<金管楽器のピストンによる音程の誤差>
管楽器は管の長さが長くなるほど音程が低くなります。
木管楽器は指で穴を塞いで管を長くします。リコーダー等でも全部の穴を塞いだ時に最低音が鳴ります。
金管楽器はピストンを押すことで、振動する空気柱をそれぞれの管に迂回させて長さを変え、音程を変えます。
ただ音程を正確に変えるためには、ある決まった割合で管を伸ばすことが必要です。
分かりやすくするために管の長さを10パーセント伸ばすと音が半音下がるとします。
例えば1m の管から出る音程より、半音低い音を出すためには10センチの管を足して1m10cm にすればいいわけですが、そこからもう半音低い音を出すためには1m10cm の管に、その10パーセント、つまり11cm の管を足さなくてはいけません。
1m の管を10パーセントずつ伸ばしていくと下の様になります。
半音下げるために必要な管全体の長さ(と延長分) | 指使い | 実際に伸びる管の長さ | 誤差 |
100cm | 0 | | |
110(10)cm | 2 | 10cm | 0 |
121(11)cm | 1 | 21cm | 0 |
133(12)cm | 1+2(3) | 31cm | 2cm |
146(13)cm | 2+3 | 41cm | 5cm |
161(15)cm | 1+3 | 52cm | 9cm |
177(16)cm | 1+2+3 | 62cm | 15cm |
この表はあくまで10パーセント管長が延びれば半音下がると仮定して作ったものですが、半音下げるために必要な管の長さはこのようにだんだんと長くなってきます。
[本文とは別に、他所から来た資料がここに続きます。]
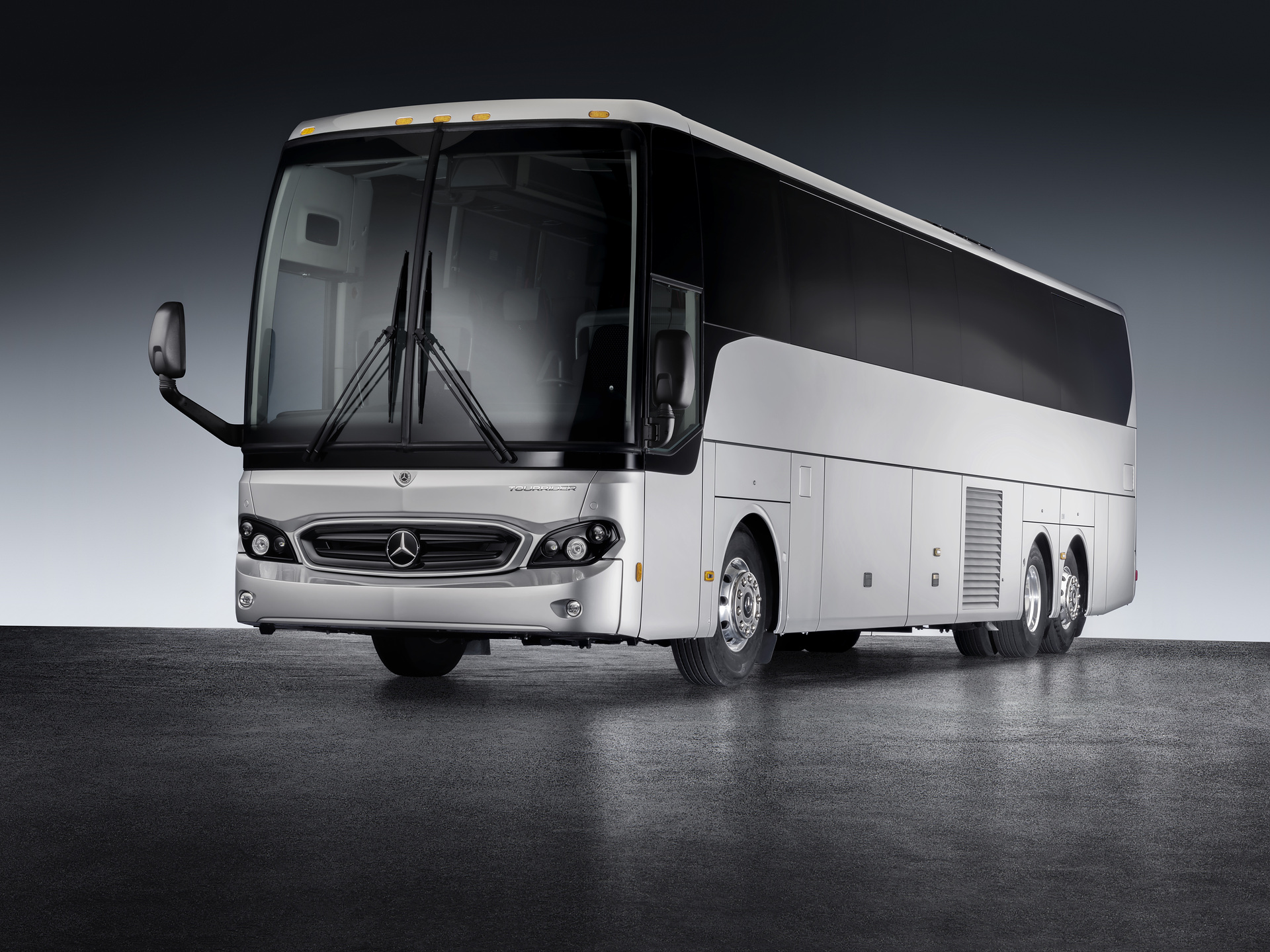 Mercedes-Benz Tourrider business Mercedes-Benz Tourrider business
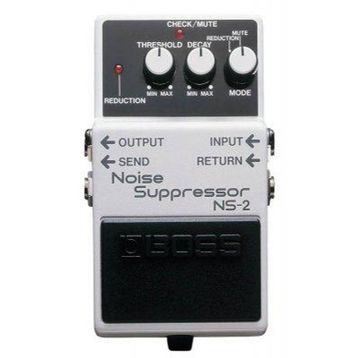 Boss NS-2 Noıse Suppresser Gitar Pedalı
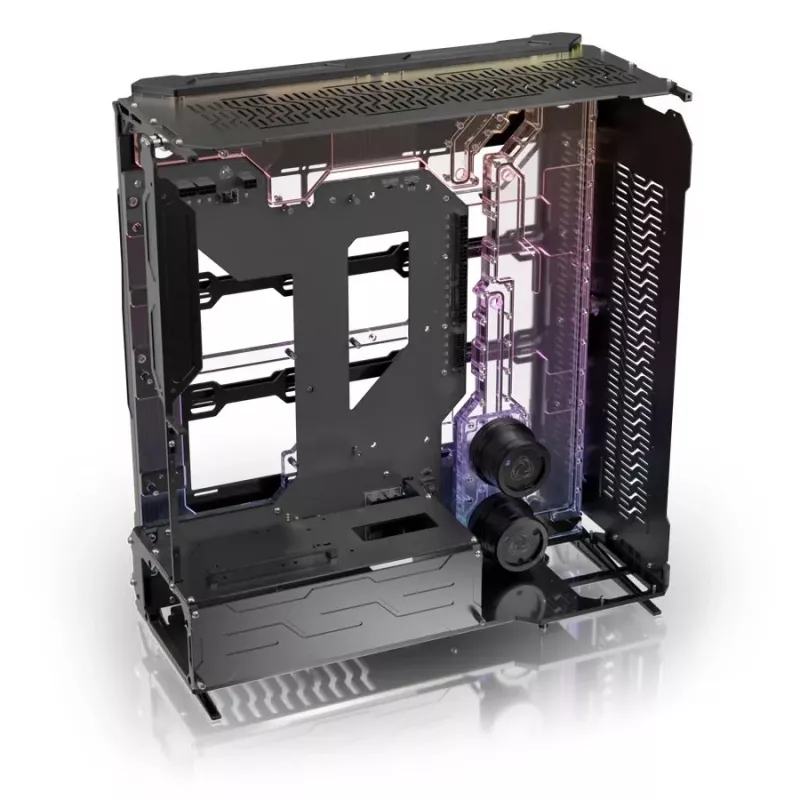 Modulo di espansione alimentatore Singularity Spectre 3.0 Enterprise Dual-PSU, nero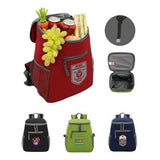 Cabana 20-Can Polyester Cooler Backpack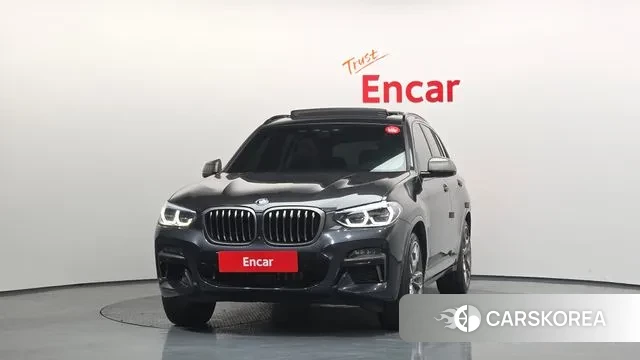 BMW X3 (G01) id 3722246 из Кореи 13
ところが、金管楽器の各ピストンに付いている管はいつも同じ長さなので、ピストンを一つだけ押さえた時には正確にそれぞれの音程(1は1音、2は半音、3は1音半)を下げられるように設計されていても、既に他のピストンを押さえて元の管の長さが長くなっている時には必要な長さ分は伸ばせないことになります。
この誤差は管が長くなるほど大きくなって1番と3番のピストンを押さえていてそこに2番を加える時、一番大きくなります。コルネットやアルトホルンでは倍音の問題もあって楽譜上の低いド#がかなり高めになります。ユーフォニアムでは低い「シ」で、チューバではそのオクターブ下の「シ」です。
1番3番を押さえた「レ」の音等も同じ理由で高くなりますから、こういう音を吹く時には注意が必要です。ユーフォニアムでは「ド」です。
コルネット等では、1番管、3番管に付いている指を掛けるためのフックやリングで、吹きながらチューニング管を抜いて音程を調整することも出来ますが、音域の低い楽器では管の長さに比例して音程の誤差も大きくなり、その程度の調整では間に合わなくなります。
オクターブ低い楽器は管の長さが2倍ですから、コルネットで1センチ抜いて調整出来る音程をユーフォニアムでは2センチ、チューバでは4センチ抜かなくていけません。
そのためユーフォニアムやチューバには1番管と3番管を足した長さ(上の表で52センチ)よりも少し長めで、2音半分の音程を下げるのに必要な本来の長さ(上の表では61センチ)の4番目の管(ピストン)を付けている楽器もあり、上手な人の使うチューバには(音程調整のためだけではなく音域を広げる目的もありますが)さらに5番目、6番目のヴァルブとチューニング管を付けているものもあります。
トロンボーンはスライドで音程を自由にコントロールできますから、こういう問題は起きませんが、音程に注意すれば各ポジションの間隔は遠いポジションになるほど広いはずです。